*** Information supplied

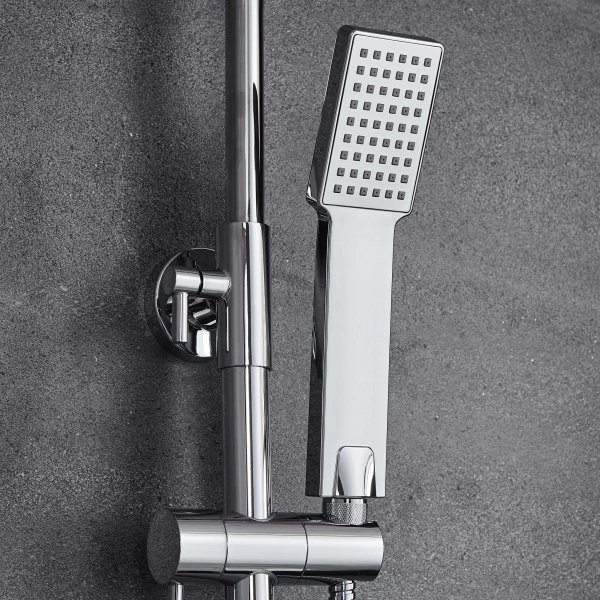 Komplett hodedusjsett med h�nddusj | H�yglanset rustfritt st�l
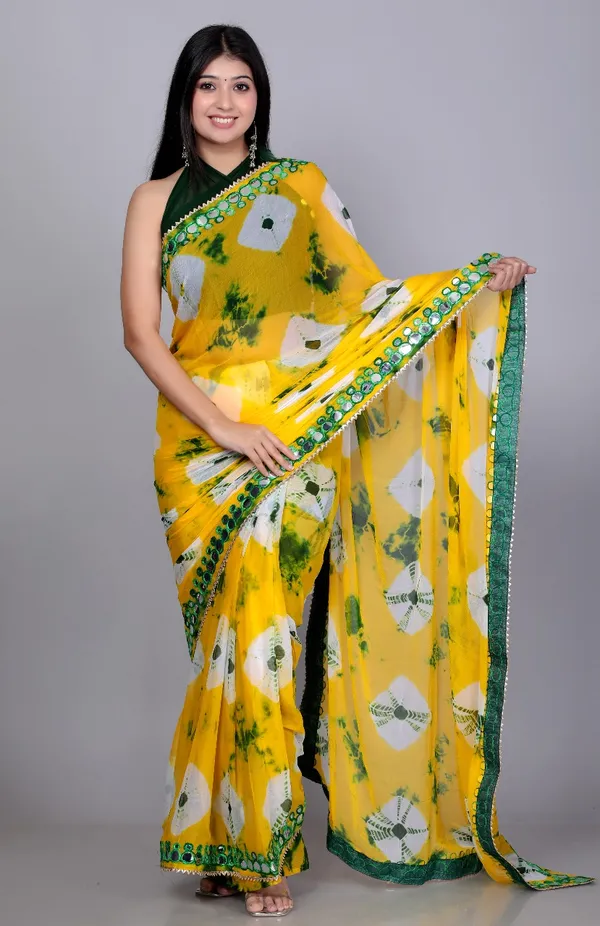 Gold_Pure_Chiffon_Printed_Mirror_Printed_Mirror_Work_Sarees_For_Women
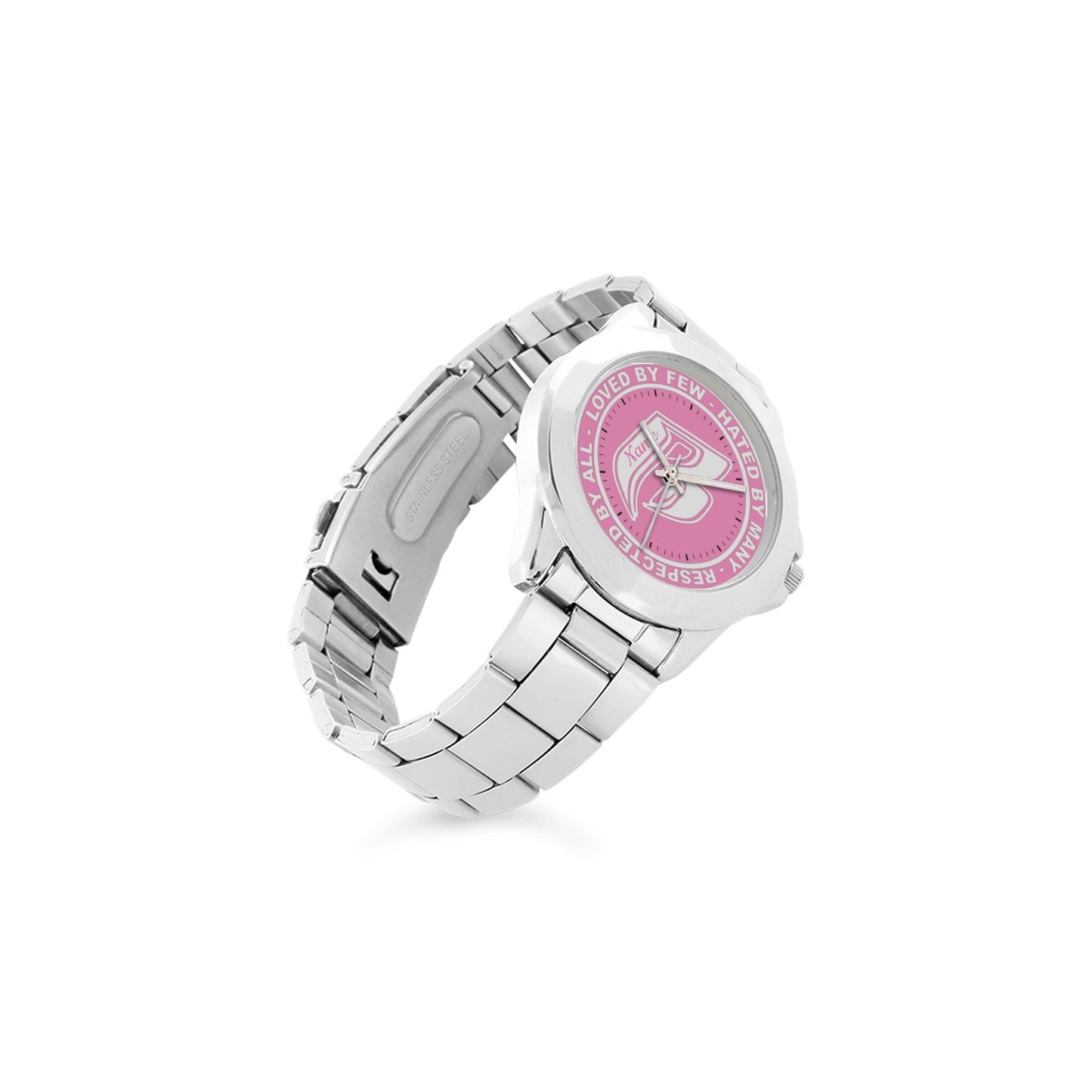 RR Unisex Stainless Steel Watch Pink - Add your name.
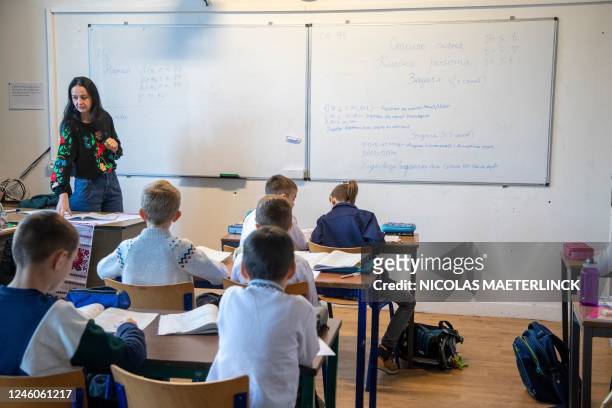 Illustration picture shows a Ukrainian class during a visit of Belgian Prime Minister De Croo to a Ukrainian school on the occasion of Ukrainian...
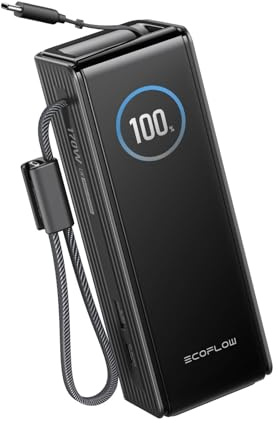 EcoFlow Powerbank 25000mAh 170W mit 100W Integrierte Einziehbare Kabel, 100W USB C Laptop Powerbank Tragbares Ladegerät für iPhone 17/16/15 Series, MacBook, Samsung, Schwarz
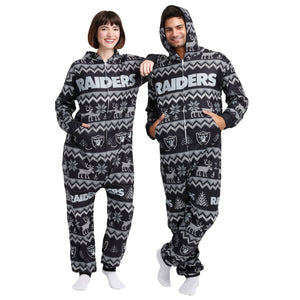 Las Vegas Raiders NFL Ugly Pattern One Piece Pajamas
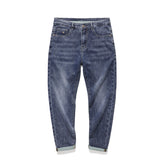 Jean bleu décontracté en relief pour hommes de grande taille, pantalon en denim de printemps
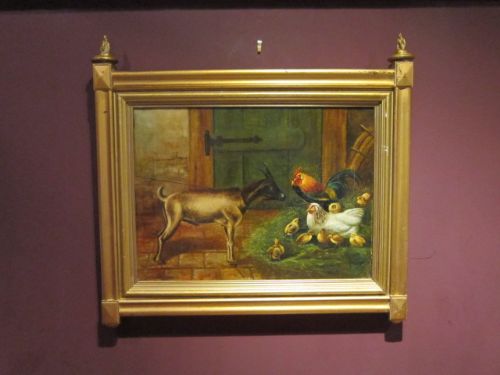 Fine 19th Century Oil on Canvas Farmyard Painting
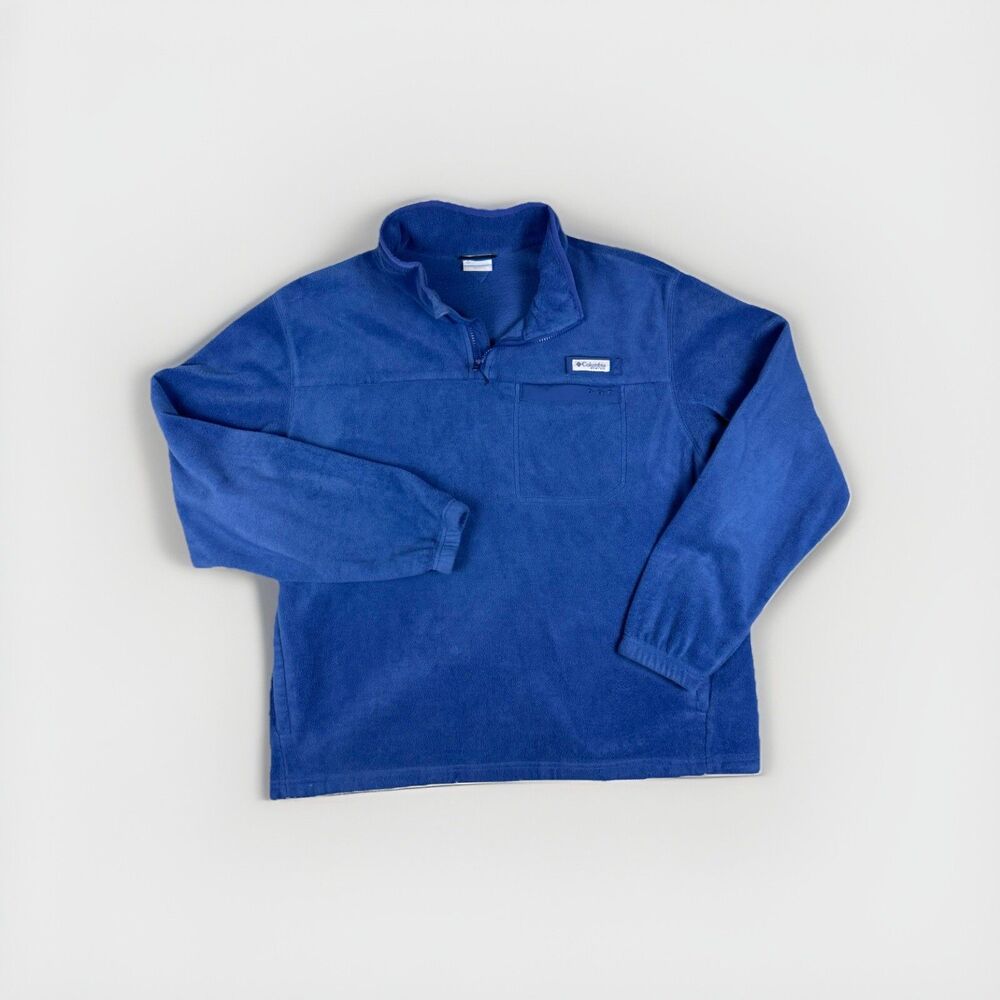 Columbia Blue Fleece PFG Quarter Zip Men’s XL Front Pocket Outdoors Fishing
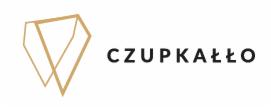 Logo firmy Czupkałło: abstrakcyjny, geometryczny symbol w kolorze złota, przypominający diament, umieszczony obok nazwy firmy zapisaną czarną czcionką na białym tle.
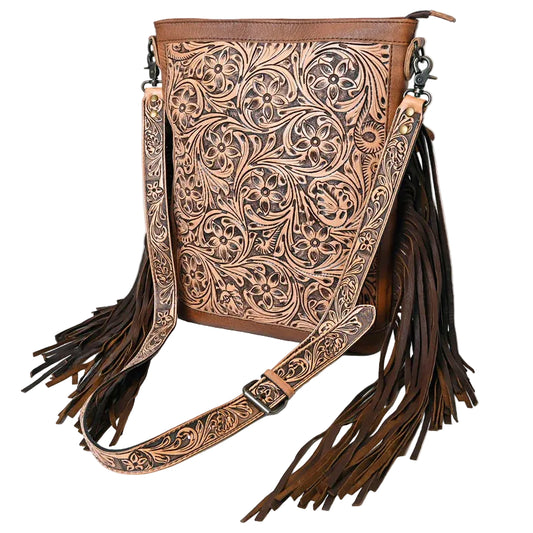 American Darling Large Crossbody Hand Tooled Floral & Leather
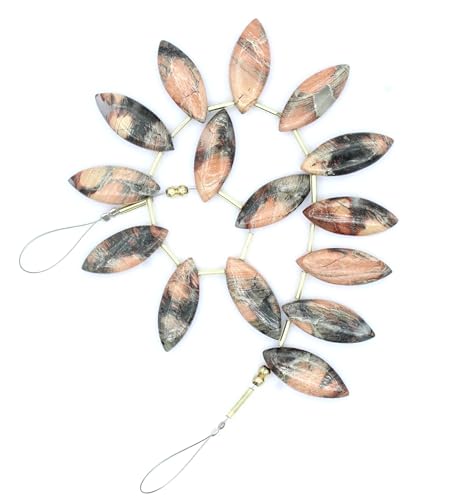 Natürliche Edelsteinperlen aus glattem Achat, Marquiseschliff, ca. 10 x 25 mm, für Schmuckherstellung, 15 Stück Natürliche Edelsteinperlen aus glattem Achat, Marquiseschliff, ca. 10 x 25 mm, für Schmuckherstellung, 15 Stück von TAYYIB GEMS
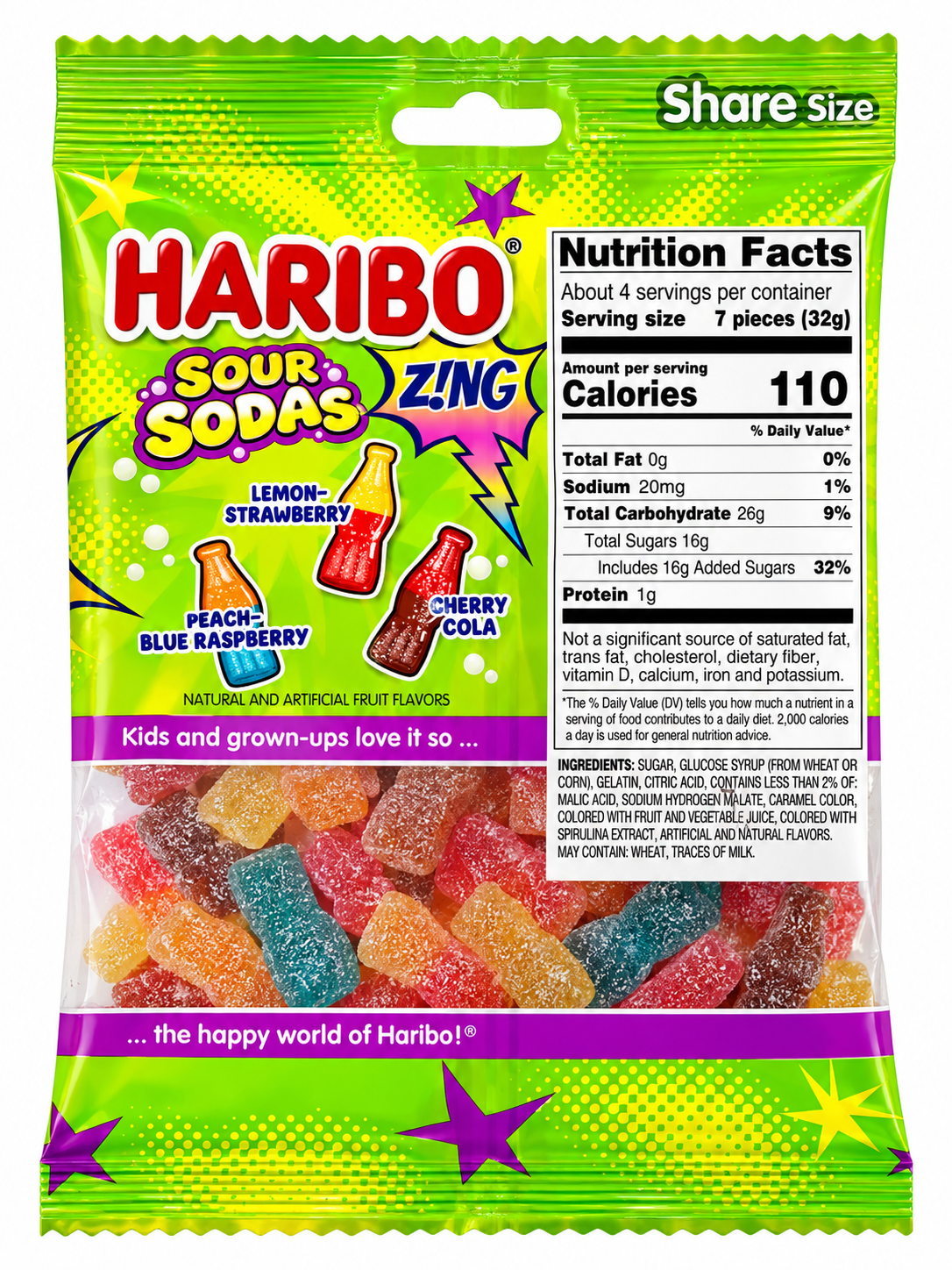 Haribo Sour Sodas Z!NG Gummy Candy – 4.5 oz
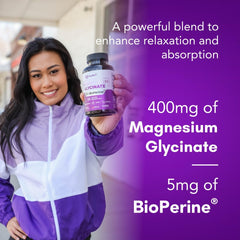 BallBuff magnesium glycinate bottle pour illustrating easy daily intake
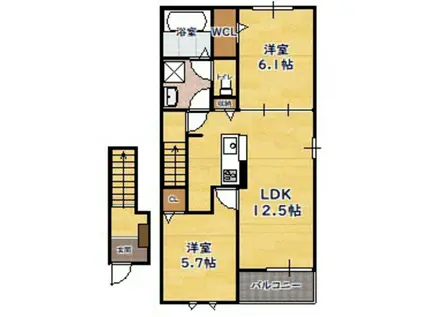 ラウンジカーサK(1LDK/2階)の間取り写真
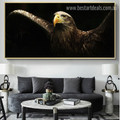 Golden Eagle Bird Modern Painting Picture Canvas Print for Lounge Room Wall Drape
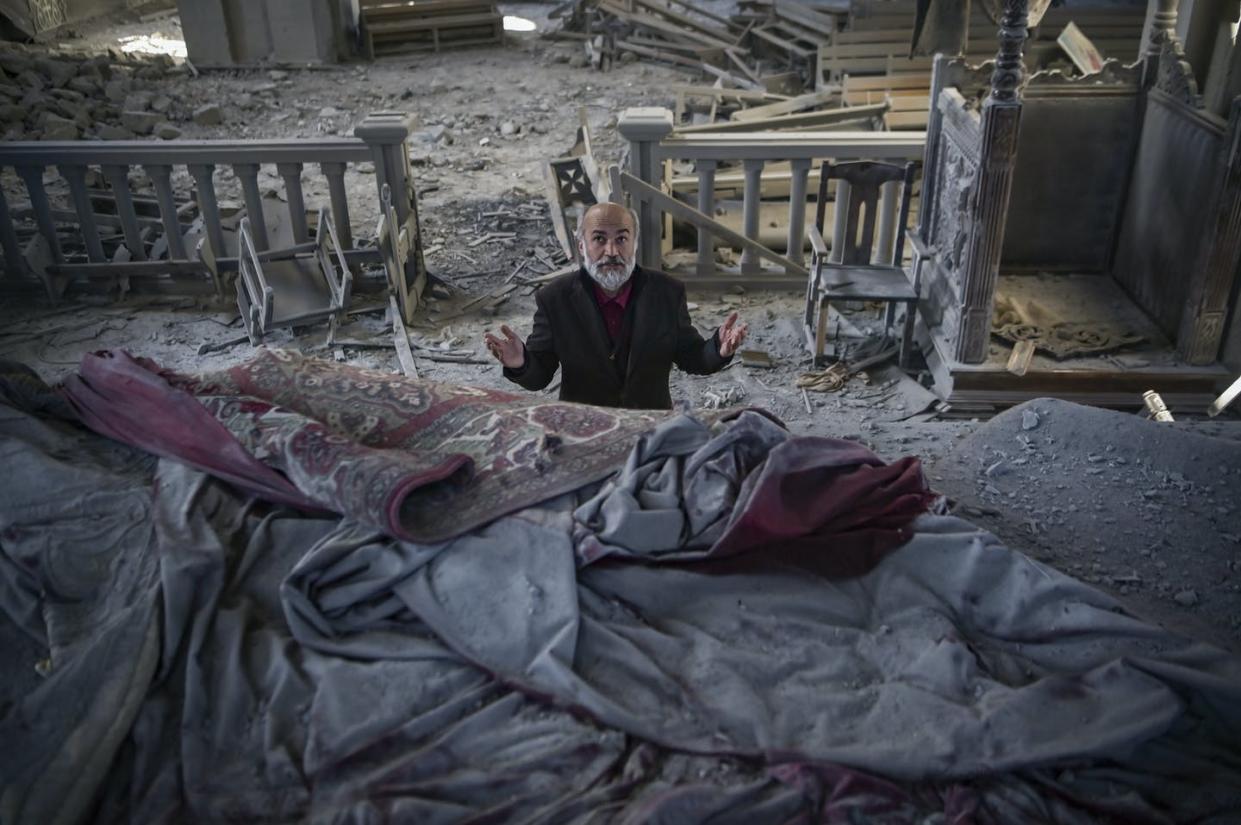 <span class="caption">The Ghazanchetsots Cathedral was damaged earlier this year during fighting between Armenia and Azerbaijan.</span> <span class="attribution"><a class="link " href="https://www.gettyimages.com/photos/nagorno-karabakh-church?family=editorial&phrase=nagorno%20karabakh%20church&sort=mostpopular#license" rel="nofollow noopener" target="_blank" data-ylk="slk:Aris Messinis/AFP via Getty Images;elm:context_link;itc:0;sec:content-canvas">Aris Messinis/AFP via Getty Images</a></span>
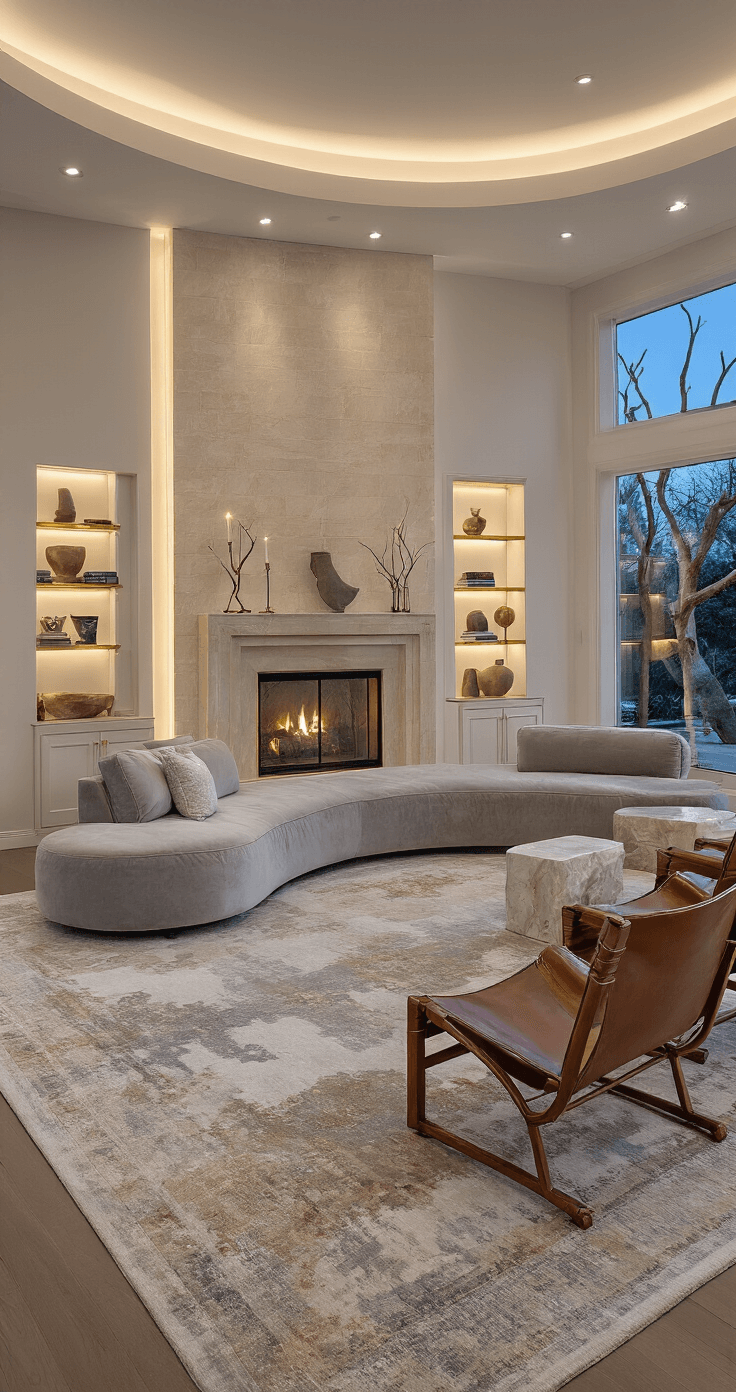 A sophisticated dusk living room featuring a pearl gray velvet curved sectional on an oversized abstract rug, framed by brass-trimmed built-ins and a limestone fireplace, with leather sling chairs, marble side tables, and dramatic lighting elements.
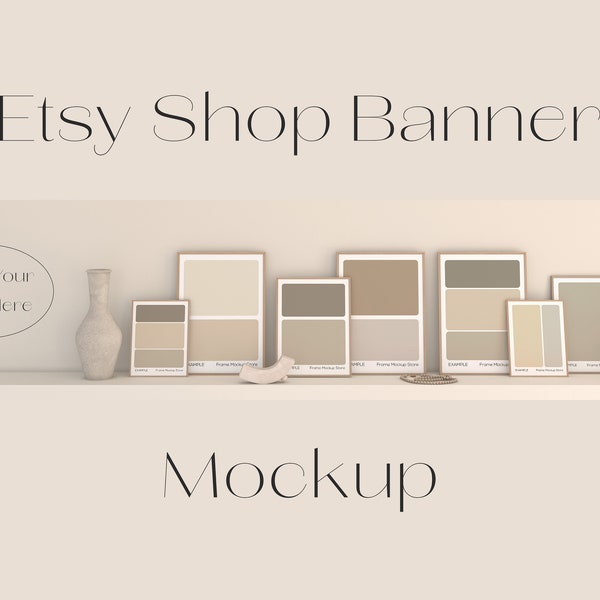 Etsy Shop Banner Mockup, Frame Mockup Banner, Frame Mockup, Scandinavian Frame Mockup, Neutral Frame Mockup, Boho Shop Banner, Etsy Branding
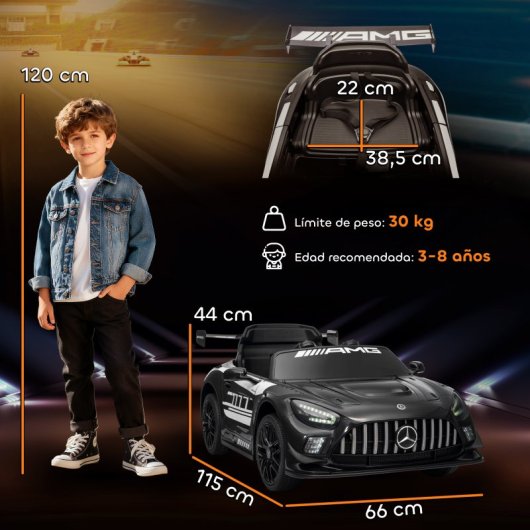 Carrinho Elétrico Infantil Aiyaplay Mercedes-AMG GT3 Evo Preto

******

**The problem**
What should appear is an exact copy of the lines from the one containing "Etsy Shop Banner" through the last line of the records above, pictures excluded.

**Response below**
 Etsy Shop Banner Mockup, Frame Mockup Banner, Frame Mockup, Scandinavian Frame Mockup, Neutral Frame Mockup, Boho Shop Banner, Etsy Branding
 Carrinho Elétrico Infantil Aiyaplay Mercedes-AMG GT3 Evo Preto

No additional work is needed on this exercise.